When I am not rummaging through client closets or using my forearms as a makeshift clothing rack on client shopping excursions, I occasionally moonlight as an actor. What kind of an actor, you ask? The Joey Tribbiani, I go on auditions and pretend-to-smell-farts-to-appear-perplexed-kind-of-actor. Perhaps you have seen my blurred out face in some local obscure Portland ads or heard my distress in The Wonderland Murders. But unless you spend your time watching B-level TV shows and enjoy following the life of pixelated models, the odds that you have seen me are minimal.
The success of an actor hinges upon her ability to distinguish herself from the masses. And I know what you’re thinking: how on earth do you do that in a city like Portland, where, well, we are all basically a colony of attention-starved middle children convinced that we are the next “everything”? Good question. The answer lies in finding the “hero” in your auditions. For all the lines you memorize, there is always a hero: a sentence or word that is most important and requires the utmost concentrated creative interpretation. Maybe that means toying with inflection or tinkering with tone changes, but one thing is true: nail the hero, win the role.
In my early days, I made the mistake of thinking every sentence and word had equal value, everything I memorized for my auditions was a “hero.” I played with tones and put inflections on words that made me sound like I was inebriated while passing through the early stages of a stroke. Suffice to say, there is only one hero in a given audition - any more and you will sound like Anchor Man’s “…I’m Ron Burgundy?”
So when it comes to your style, the rule of a singular hero still stands. I credit my beloved Tan France of Queer Eye for his reinvention of the word in the styling arena. In your ensemble there should only be one piece that conjures the utmost creativity. Be it color, silhouhette or texture: remember there can only be one “hero” in any outfit - everything else must play a supporting role – aka the sidekick. Find the hero, win in style.
Rule One: One Pop Of Color (Or Print) Only
While this is not a hard and fast rule that can never be broken, wear multiple pops of color and the consequences are quite simple: you cause visual distress to onlookers and you run the risk of making your two stand-alone hero pieces appear tacky. Remember, in any ensemble, balance is key. In this outfit at the top of the post, my off-shoulder top is a bold and neon-esque pink - the obvious “hero” of the outfit. If you pair this top with white shorts or an overly complicated heel, the outfit would look “overdone” and every item would seem in competition with the others. Instead, I have chosen to bring balance to the outfit with a pair of dark washed black jeans and a simple heel. One color, one hero.

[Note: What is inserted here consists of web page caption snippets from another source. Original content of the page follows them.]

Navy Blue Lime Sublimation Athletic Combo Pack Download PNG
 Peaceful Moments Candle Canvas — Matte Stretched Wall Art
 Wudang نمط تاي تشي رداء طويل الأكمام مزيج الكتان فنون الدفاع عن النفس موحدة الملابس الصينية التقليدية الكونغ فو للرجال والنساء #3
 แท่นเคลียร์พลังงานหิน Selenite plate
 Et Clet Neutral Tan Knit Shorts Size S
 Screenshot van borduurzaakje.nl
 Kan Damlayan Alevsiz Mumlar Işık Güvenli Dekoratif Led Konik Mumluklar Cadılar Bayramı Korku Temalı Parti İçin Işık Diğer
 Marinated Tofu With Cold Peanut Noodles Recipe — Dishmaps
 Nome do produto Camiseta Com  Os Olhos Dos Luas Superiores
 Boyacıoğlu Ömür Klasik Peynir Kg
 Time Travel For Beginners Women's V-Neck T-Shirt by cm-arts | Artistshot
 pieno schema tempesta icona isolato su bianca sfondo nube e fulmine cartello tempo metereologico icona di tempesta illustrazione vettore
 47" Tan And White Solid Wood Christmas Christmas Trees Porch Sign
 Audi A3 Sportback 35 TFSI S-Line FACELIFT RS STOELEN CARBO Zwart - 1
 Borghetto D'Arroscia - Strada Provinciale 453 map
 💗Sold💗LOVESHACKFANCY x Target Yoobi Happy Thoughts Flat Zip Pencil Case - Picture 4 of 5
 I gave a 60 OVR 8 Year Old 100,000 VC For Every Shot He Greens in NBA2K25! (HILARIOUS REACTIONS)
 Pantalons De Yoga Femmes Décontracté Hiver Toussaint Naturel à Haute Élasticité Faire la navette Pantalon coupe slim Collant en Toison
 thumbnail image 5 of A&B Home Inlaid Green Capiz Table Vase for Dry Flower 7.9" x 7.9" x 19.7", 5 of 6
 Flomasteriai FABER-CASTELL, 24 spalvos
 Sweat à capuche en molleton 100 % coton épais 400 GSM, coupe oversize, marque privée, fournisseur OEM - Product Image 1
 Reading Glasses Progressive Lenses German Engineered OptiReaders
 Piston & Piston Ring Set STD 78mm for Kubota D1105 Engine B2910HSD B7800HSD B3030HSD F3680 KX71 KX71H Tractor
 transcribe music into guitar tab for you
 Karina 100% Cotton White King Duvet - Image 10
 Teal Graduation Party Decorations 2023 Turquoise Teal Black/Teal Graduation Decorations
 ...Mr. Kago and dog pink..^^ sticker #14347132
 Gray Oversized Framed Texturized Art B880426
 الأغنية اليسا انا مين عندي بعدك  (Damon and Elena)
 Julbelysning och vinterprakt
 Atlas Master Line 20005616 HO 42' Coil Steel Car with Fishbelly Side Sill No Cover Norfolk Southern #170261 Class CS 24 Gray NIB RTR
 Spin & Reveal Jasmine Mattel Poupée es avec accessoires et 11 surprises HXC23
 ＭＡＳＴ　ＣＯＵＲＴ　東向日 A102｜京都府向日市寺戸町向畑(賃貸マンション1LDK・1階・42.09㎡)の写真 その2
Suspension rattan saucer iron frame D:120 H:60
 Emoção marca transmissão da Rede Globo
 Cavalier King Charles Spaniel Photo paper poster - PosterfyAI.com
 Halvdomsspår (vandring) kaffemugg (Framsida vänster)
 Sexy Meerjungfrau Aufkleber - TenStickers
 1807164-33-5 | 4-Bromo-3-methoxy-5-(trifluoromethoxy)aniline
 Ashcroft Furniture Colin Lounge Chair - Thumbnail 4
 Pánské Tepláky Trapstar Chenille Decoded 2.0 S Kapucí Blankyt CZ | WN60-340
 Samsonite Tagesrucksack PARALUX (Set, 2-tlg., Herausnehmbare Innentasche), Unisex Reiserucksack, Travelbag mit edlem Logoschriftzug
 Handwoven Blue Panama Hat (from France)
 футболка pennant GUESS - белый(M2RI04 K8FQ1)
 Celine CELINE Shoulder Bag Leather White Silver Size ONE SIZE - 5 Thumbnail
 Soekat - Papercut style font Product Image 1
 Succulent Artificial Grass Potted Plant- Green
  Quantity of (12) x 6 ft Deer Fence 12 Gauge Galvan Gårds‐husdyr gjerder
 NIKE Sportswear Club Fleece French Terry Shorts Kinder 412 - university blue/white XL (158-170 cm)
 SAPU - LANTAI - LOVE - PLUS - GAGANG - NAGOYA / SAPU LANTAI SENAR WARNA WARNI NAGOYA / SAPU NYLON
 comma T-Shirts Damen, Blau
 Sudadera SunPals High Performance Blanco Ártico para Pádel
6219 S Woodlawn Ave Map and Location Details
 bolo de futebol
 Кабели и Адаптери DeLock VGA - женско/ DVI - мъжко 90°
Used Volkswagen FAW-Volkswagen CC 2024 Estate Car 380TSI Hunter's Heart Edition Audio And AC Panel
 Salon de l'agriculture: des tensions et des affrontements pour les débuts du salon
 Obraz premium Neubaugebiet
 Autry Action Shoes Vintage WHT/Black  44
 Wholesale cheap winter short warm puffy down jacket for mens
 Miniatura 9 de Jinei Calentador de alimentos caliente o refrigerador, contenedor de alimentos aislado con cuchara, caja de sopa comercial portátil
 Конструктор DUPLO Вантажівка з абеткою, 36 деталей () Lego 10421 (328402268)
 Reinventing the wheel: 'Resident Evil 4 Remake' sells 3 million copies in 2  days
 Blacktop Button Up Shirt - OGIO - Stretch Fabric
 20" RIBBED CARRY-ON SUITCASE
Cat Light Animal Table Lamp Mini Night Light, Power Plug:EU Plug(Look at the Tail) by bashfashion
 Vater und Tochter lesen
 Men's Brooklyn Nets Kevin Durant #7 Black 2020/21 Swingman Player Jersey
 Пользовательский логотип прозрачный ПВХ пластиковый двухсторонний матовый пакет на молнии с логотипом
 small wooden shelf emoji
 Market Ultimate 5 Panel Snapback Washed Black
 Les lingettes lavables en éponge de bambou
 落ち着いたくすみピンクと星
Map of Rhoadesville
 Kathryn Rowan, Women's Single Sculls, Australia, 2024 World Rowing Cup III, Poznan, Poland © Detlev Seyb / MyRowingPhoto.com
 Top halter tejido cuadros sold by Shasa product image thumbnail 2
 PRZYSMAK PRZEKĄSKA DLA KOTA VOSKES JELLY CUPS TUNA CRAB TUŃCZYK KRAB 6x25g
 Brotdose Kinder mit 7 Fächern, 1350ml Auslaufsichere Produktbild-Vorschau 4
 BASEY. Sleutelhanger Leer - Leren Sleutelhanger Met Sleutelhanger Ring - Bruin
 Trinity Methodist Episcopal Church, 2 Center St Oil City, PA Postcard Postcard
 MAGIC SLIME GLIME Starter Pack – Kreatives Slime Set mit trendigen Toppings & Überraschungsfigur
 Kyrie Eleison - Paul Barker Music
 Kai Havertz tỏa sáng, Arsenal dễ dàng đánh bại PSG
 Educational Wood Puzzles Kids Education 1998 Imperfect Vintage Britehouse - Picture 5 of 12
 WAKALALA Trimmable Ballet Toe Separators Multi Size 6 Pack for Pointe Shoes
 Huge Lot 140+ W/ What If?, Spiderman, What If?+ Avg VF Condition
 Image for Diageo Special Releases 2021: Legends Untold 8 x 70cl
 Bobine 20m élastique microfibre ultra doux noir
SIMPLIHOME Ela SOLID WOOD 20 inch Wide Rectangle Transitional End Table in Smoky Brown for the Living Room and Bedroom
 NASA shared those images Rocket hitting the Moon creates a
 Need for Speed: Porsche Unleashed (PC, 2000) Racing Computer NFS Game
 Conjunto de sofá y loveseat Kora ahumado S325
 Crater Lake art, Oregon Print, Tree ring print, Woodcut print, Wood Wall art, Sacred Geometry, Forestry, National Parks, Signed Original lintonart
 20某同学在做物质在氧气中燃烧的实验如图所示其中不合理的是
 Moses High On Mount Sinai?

Rule 2: One Interesting Hemline Only
Even if you paired your hero piece with a neutral color like this black skirt, remember, any item that has a distinctive hemline like a pleated faux wrap or an asymmetrical hem will take attention away from the “hero.” Think of a distinctive hemline as it’s own “hero” piece. Here a better choice would be to pair this pink heroine with a classic black pencil skirt as the sidekick since its simple straight hemline compliments the butterfly-esque sleeves of the top and pulls the look together without being distracting.
Rule 3: Save Multiple Textures For The Runway
I have heard it said that textures can be mixed and played with to create interesting dimension in an outfit. And while I love the idea of silk, velvet, leather and metallic being able to coexist together, I respectfully dissent. Here is a fun example of playing with textures lived out in reality:
I would not go to brunch or run errands on a Sunday afternoon in this. However, I would wear this if I decided to be a gorgeous space alien from the future. When it comes to mixing multiple textures in conjunction with your hero piece, respectfully dissent and save that for the catwalkers on the runway. When you have secured a hero piece, choose a single muted texture that won’t compete to compliment the hero’s texture: try denim or a black leather pant. The textures are smooth and muted and bring structure and a tailored effect to the top.
Batman and Robin
We have never seen a movie called “Batman and Batman.” It’s always Batman and his complimentary sidekick, Robin. The same is true for your outfits: find your hero and its supporting cast and you’ll have a blockbuster outfit. When considering color, hemlines, or texture, allow your hero piece to shine and its best features will shine for the world to see. Add too many elements to the mix and your hero will get swallowed up in the shuffle.